Richard Epstein rebukes the Texas jury that turned a tenuous causal connection and their resentment of pharmaceutical companies into an absurd (and illegal) quarter-billion-dollar Vioxx verdict aimed at "sending a message." Even reduced to a mere $25 million, says Epstein, the award spells doom for pharmaceutical innovation:
I would like to send my message to [plaintiff's lawyer Mark] Lanier and those indignant jurors. It's not from an irate tort professor, but from a scared citizen who is steamed that those "good people" have imperiled his own health and that of his family and friends. None of you have ever done a single blessed thing to help relieve anybody's pain and suffering. Just do the math to grasp the harm that you've done.
Right now there are over 4,000 law suits against Merck for Vioxx. If each clocks in at $25 million, then your verdict is that the social harm from Vioxx exceeds $100 billion, before thousands more join in the treasure hunt. Pfizer's Celebrex and Bextra could easily be next. Understand that no future drug will be free of adverse side effects, nor reach market, without the tough calls that Merck had to make with Vioxx. Your implicit verdict is to shut down the entire quest for new medical therapies. Your verdict says you think that the American public is really better off with just hot-water bottles and leftover aspirin tablets.

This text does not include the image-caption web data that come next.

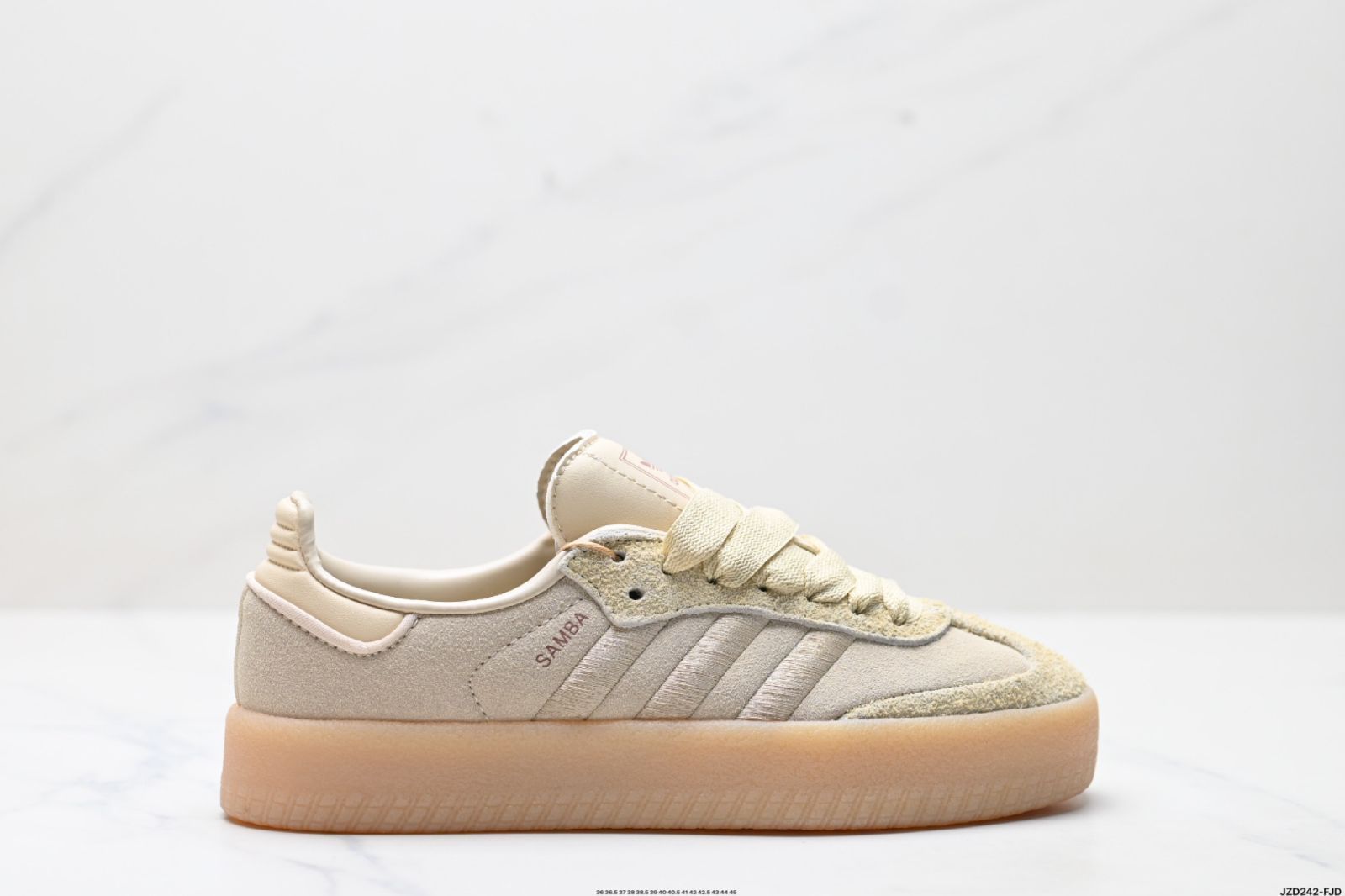 Adidas アディダス Originals オリジナルズ Samba XLG サンバ クラシック 紳士 ドイツ トレーニング フットボール スタイル ユニバーサル ロートップ レジャー スポーツ スケートボード シューズ。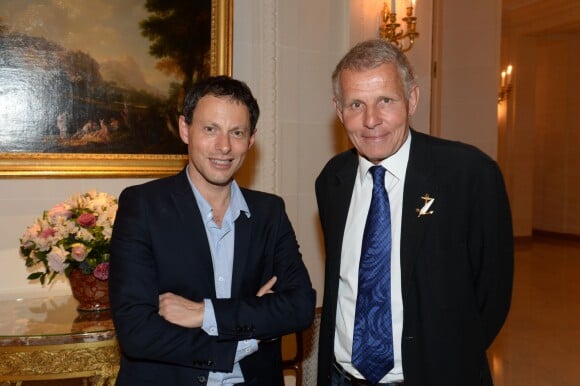 Patrick Poivre d'Arvor et Marc-Olivier Fogiel - Gala de charité annuel de la Fondation Maud Fontenoy à l'hôtel Bristol à Paris, le 4 juin 2015.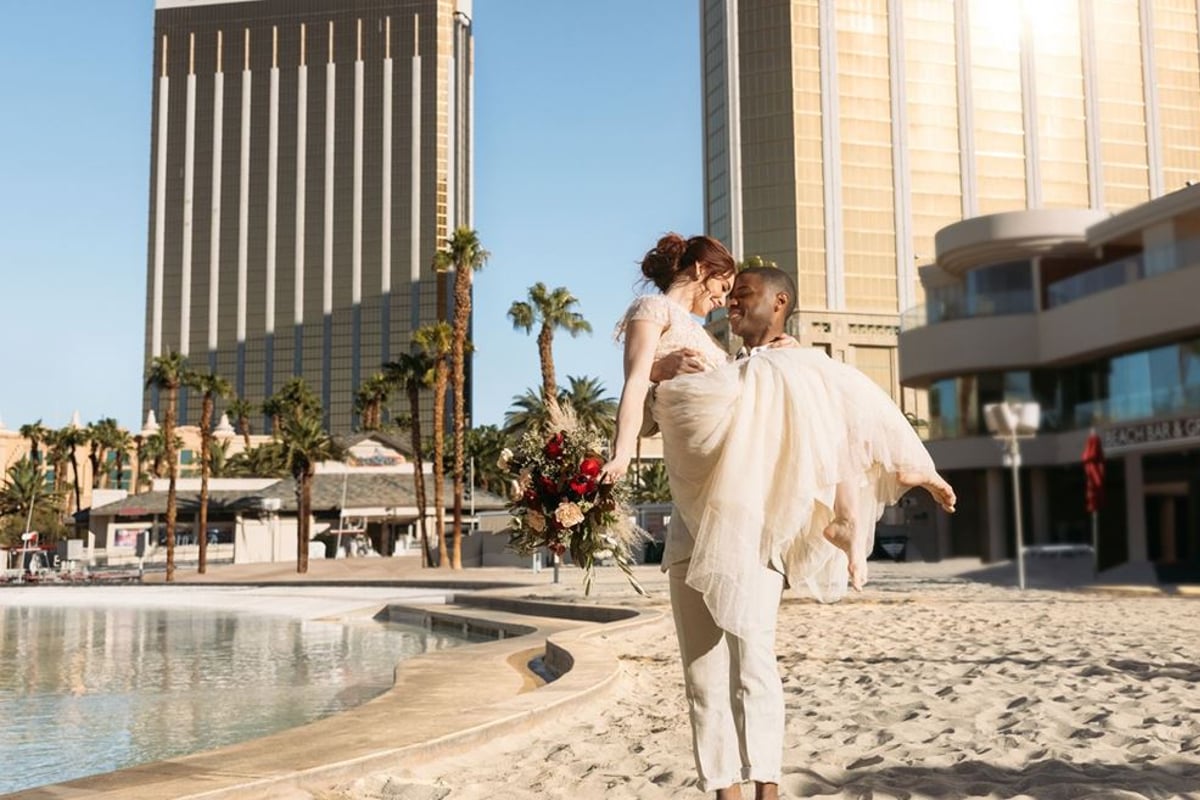 Unusual Las Vegas weddings: Get married by plane, ship or coaster - Las  Vegas Sun News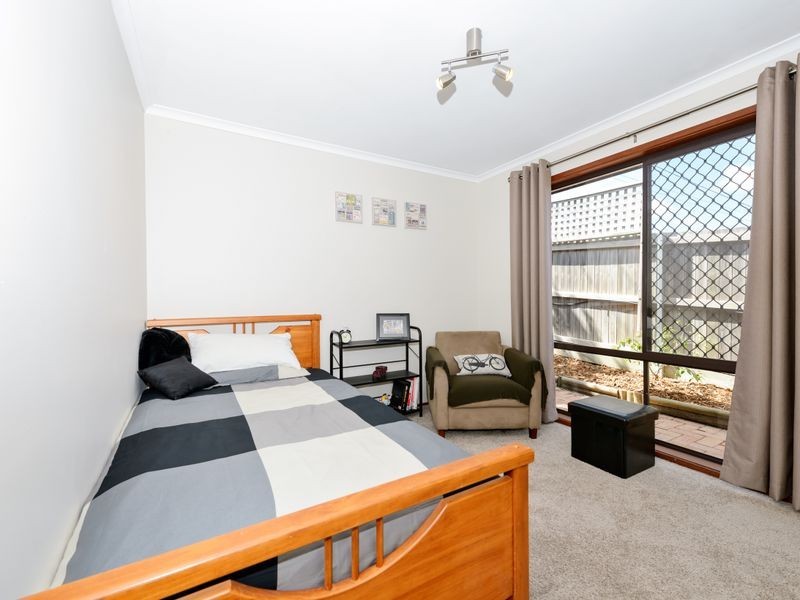 18 Mullan Street, Fadden ACT 2904
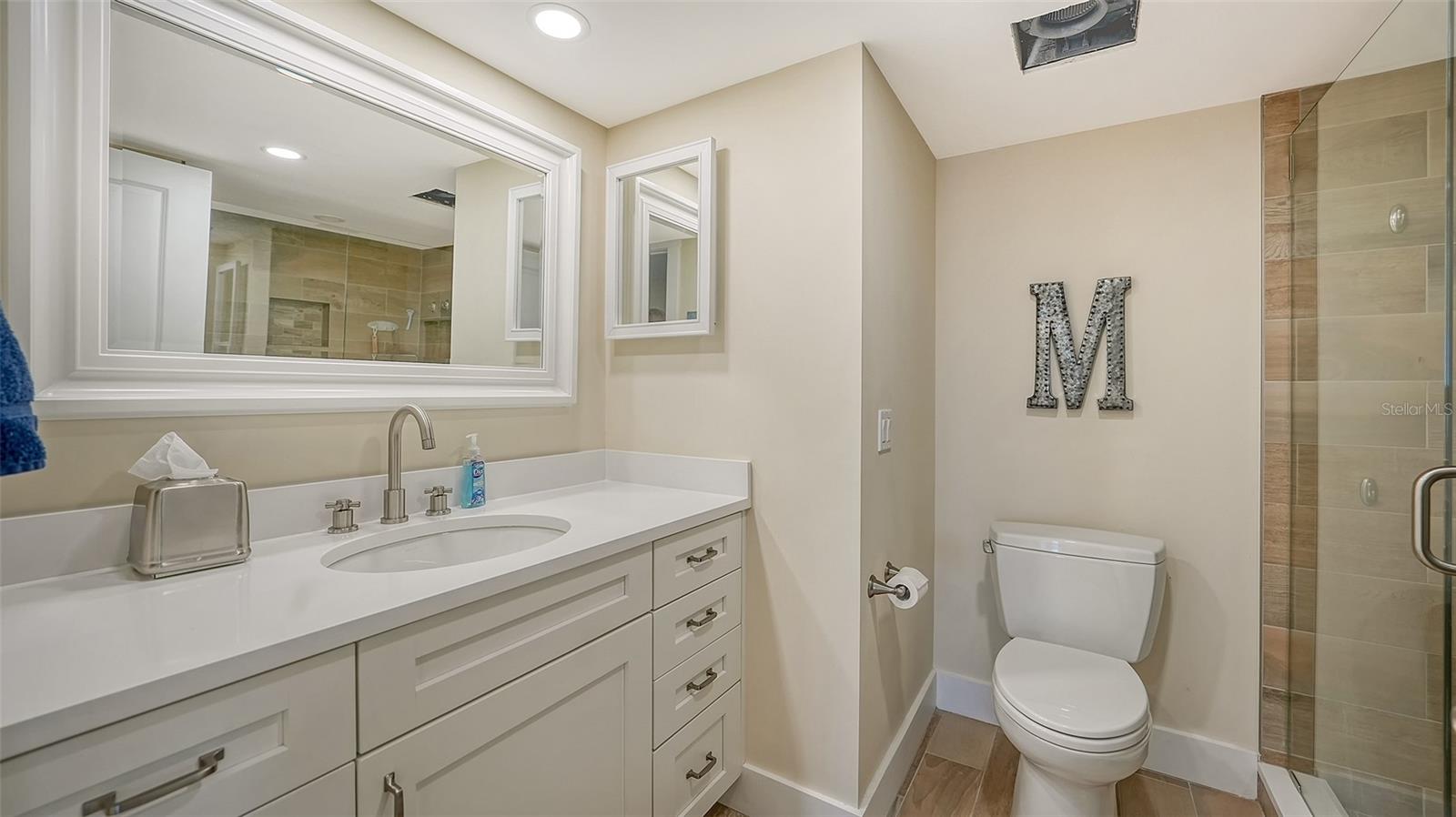 ISLANDER CLUB OF LONGBOAT - Residential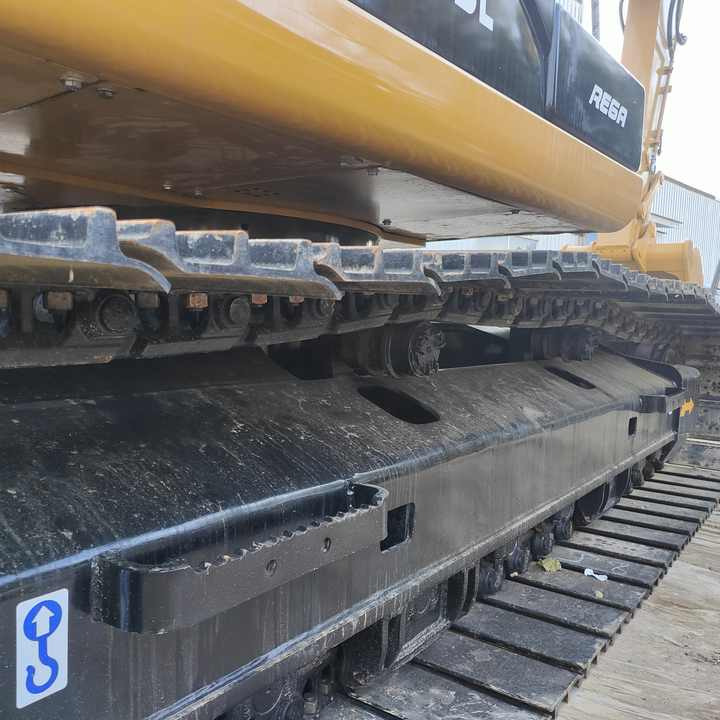 95% New Well Maintained Low Working Hours Used Excavator CAT320D CAT320d Used Excavator for Sale at the Lowest Price - Lánctalpas kotró: 5 kép. 95% New Well Maintained Low Working Hours Used Excavator CAT320D CAT320d Used Excavator for Sale at the Lowest Price - Lánctalpas kotró: 5 kép.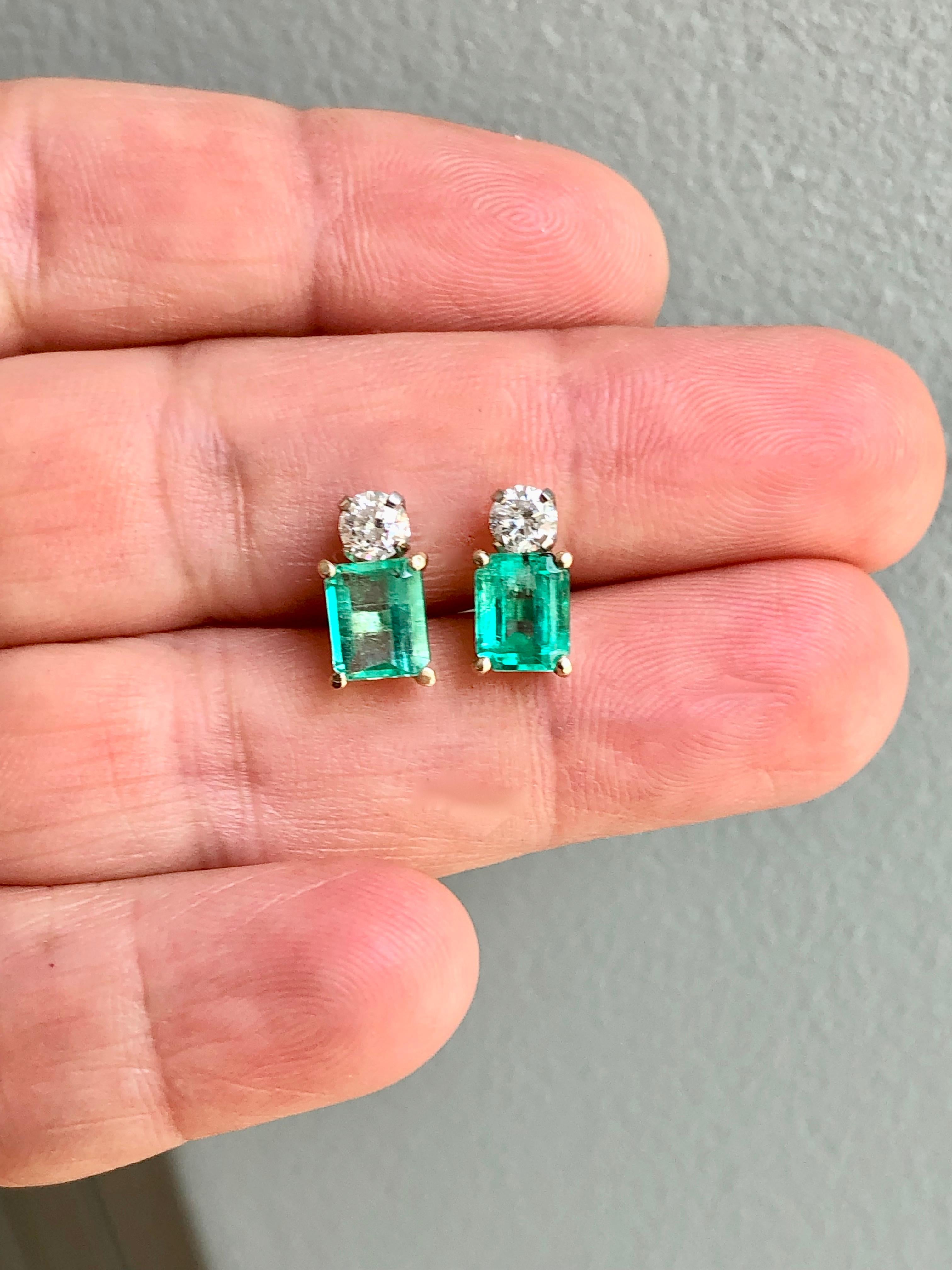 colombian emerald stud earrings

Ah, you will say, but we're only after Vioxx, and not those good drugs. Sorry, the investment community won't take you at your word. It realizes that any new drug which treats common chronic conditions can generate the same ruinous financial losses as Vioxx, because the flimsy evidence on causation and malice you cobbled together in the Ernst case can be ginned up in any other. Clever lawyers like Mr. Lanier will be able to ambush enough large corporations in small, dusty towns where they will stand the same chance of survival that Custer had at Little Big Horn. Investors can multiply: They won't bet hundreds of millions of dollars in new therapies on the off-chance of being proved wrong. They know they'll go broke if they win 90% of the time.
Your appalling carnage cries out for prompt action. Much as I disapprove of how the FDA does business, we must enact this hard-edged no-nonsense legal rule: no drug that makes it through the FDA gauntlet can be attacked for bad warnings or deficient design.